Is this Possible to use more than one  tag in aspx page in asp.net?

----------


## abhishekdgupta

From my point of view its not possible...its gives error at runtime..

----------


## vikasvaidya

Yes Abhishek u can definitely do that it is possible.

go through this link

Managing multiple forms

----V V----
Vikas Vaidya

----------


## aravind.pk

i hope that is not possible if i understood your question rightly.

you mean to ask that the html source of the aspx page can contain two  tags. am i right?
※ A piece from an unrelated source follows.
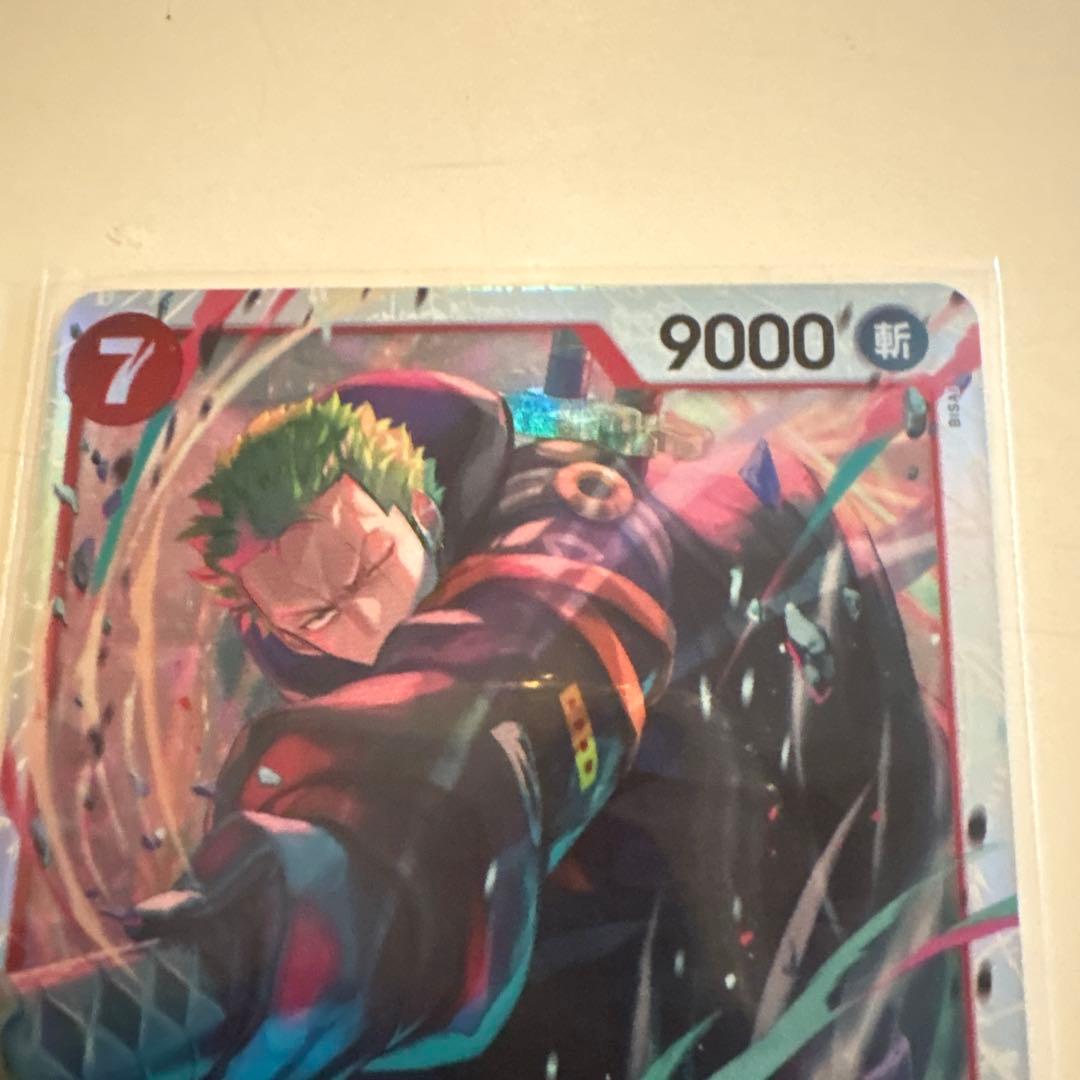 ワンピース カードゲーム ロロノア・ゾロ 9000 SR - メルカリ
if it is so, then it is possible to write, but by default the browser uses the first form tag elements or the form tag that contains "runat=server"

----------


## abhishekdgupta

> i hope that is not possible if i understood your question rightly.
> 
> you mean to ask that the html source of the aspx page can contain two  tags. am i right?
> 
> if it is so, then it is possible to write, but by default the browser uses the first form tag elements or the form tag that contains "runat=server"


Yes U r Right dear..

----------


## abhishekdgupta

Yes you are getting correct. Two Form tags are possible in aspx page but from that only one have Runat=server. iF both has this then it gives error  :Smile: 

Thanks,
Abhishek Gupta



> i hope that is not possible if i understood your question rightly.
> 
> you mean to ask that the html source of the aspx page can contain two  tags. am i right?
> 
> if it is so, then it is possible to write, but by default the browser uses the first form tag elements or the form tag that contains "runat=server"

----------


## peeyush_jain

Aspx page can contain two form

----------